Our Pledge To You


Thursday Letters: Columnist twists meaning of Lennon’s ‘Imagine’

Columnist MIchael Barone distorted the meaning of John Lennon's song "Imagine," writes a reader. | AP file photo

In a column on Wednesday, Michael Barone argues that voters have become isolationists, which may be true, but he sure did a horrible job making his point. Using a shoehorn, Barone managed to squeeze John Lennon’s song “Imagine” into his argument by implying that there are world leaders who believe we would all be better off without borders. Ridiculous.

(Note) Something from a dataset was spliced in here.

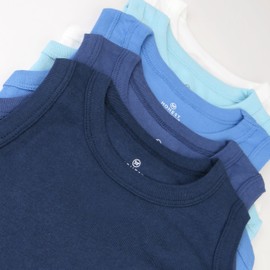 HonestBaby Multipack Muscle T-Shirts Sleeveless Tees 100% Organic Cotton for Infant Baby and Toddler Boys, Girls, Unisex, 5-Pack Sea Ombre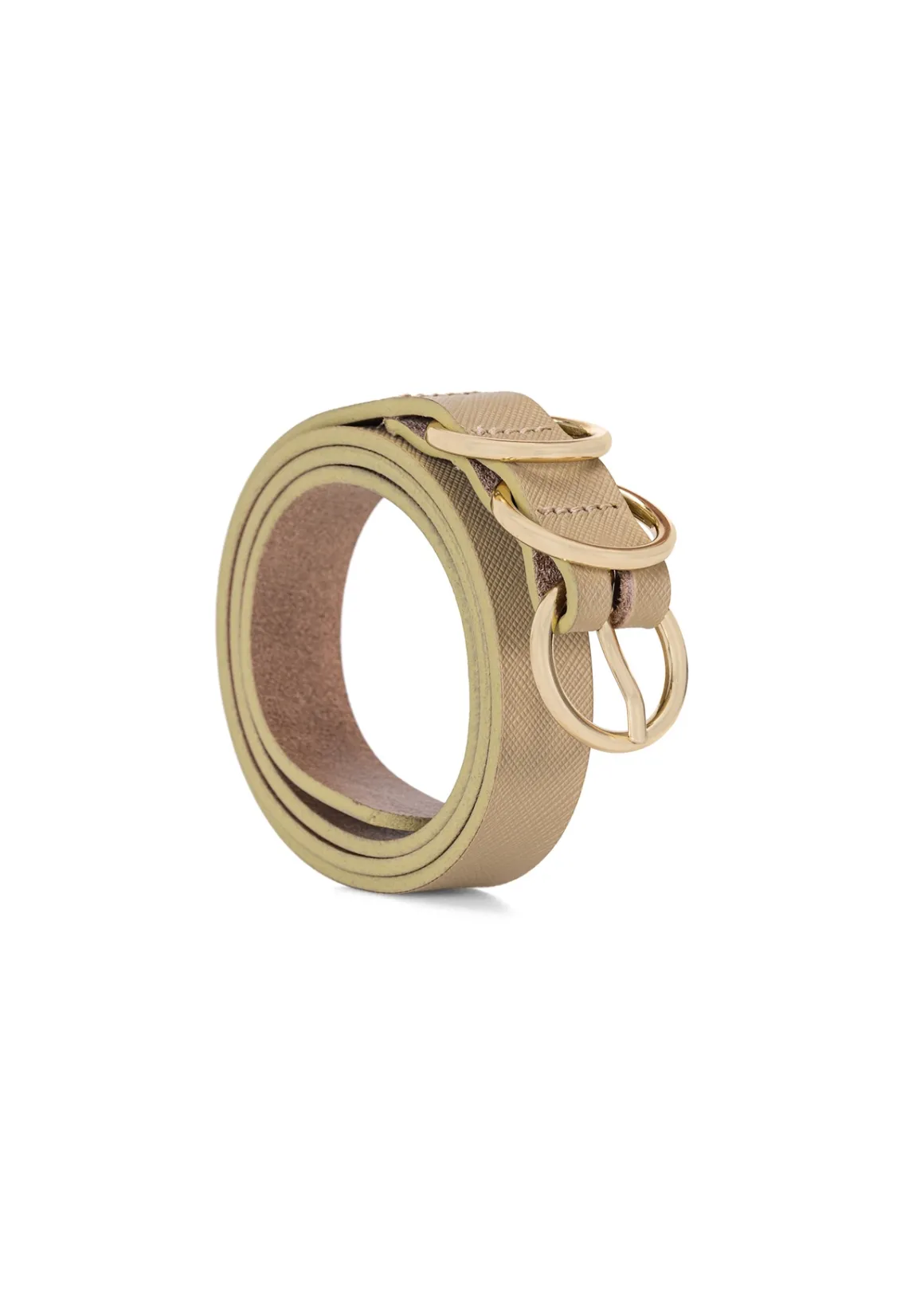 Skórzany beżowy pasek damski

Lennon’s “Imagine” is a utopian dream. An idealistic fantasy, meant to support faith in humanity. It was never meant to be a blueprint. And no world leader, at any time in history, has ever advocated the removal of borders. To imply that George W. Bush did by offering a summation of something Bill Clinton may or may not have spoken about is more shoehorning.

Tony Galati, Lemont

When John Lennon composed one of the most beautiful songs ever written, “Imagine”, in 1971, he spoke for a generation of people who were tired of war and hatred. He asked us, dared us, to imagine a world with “No countries. Nothing to kill and die for. Imagine all the people living in peace. And the world will be as one.” He was simply stating what many of us prayed for. A world in which all people got along and cared for one another. Columnist Michael Barone should not twist Lennon’s words to fit a political argument of 2016; I’m fairly certain that if John were alive today he would strongly disagree with that interpretation of his words.

Neil J. Blum, Glenview

SEND LETTERS TO: letters@suntimes.com. Please include your neighborhood or hometown and a phone number for verification purposes.

Vote for Johnson sends no “message”

Some Sun-Times readers want to “send a message” to Washington by voting for Gary Johnson. They don’t seem to realize there are really only two people running for president, neither of them named Gary Johnson. If they don’t vote for the better of these two real candidates, their votes may go to the worse. I wonder how proud they will be when the monster Donald Trump becomes our president.

Andy Austin, Hyde Park

Rural American blames wrong people

In a USA Today story in Wednesday’s Sun-Times, a number of people interviewed recalled better days and said they feel Donald Trump deserves a chance. Stores in their community are closing, they said, and they blame the Democrats. In reality, the fact that the people interviewed generally vote Republican has put us in this situation. Republicans established trickle-down economics decades ago. That cut the pay of the working people who supported those stores. Many rural communities vote Republican, yet they forget that when the chips were down it was Farm Aid — funded by many Democrats— that helped these farm families.

Scott R. Zuhr, Park Ridge

Vote for Safe Road Amendment

I just became aware of the confusing wording on a referendum, the Safe Road Amendment, on our Illinois ballot in November. As things stand now, Illinois lawmakers are allowed to raid road taxes, such as the tax on gasoline, for other purposes, including balancing the Illinois budget. Meanwhile, our roads and bridges further deteriorate. Vote “yes” on this proposed amendment. It would make sure taxes paid at the gas pump are put in a “lockbox” and used exclusively for road and bridge repair —as the taxes were intended. Vote “yes” and stop the theft of our taxes.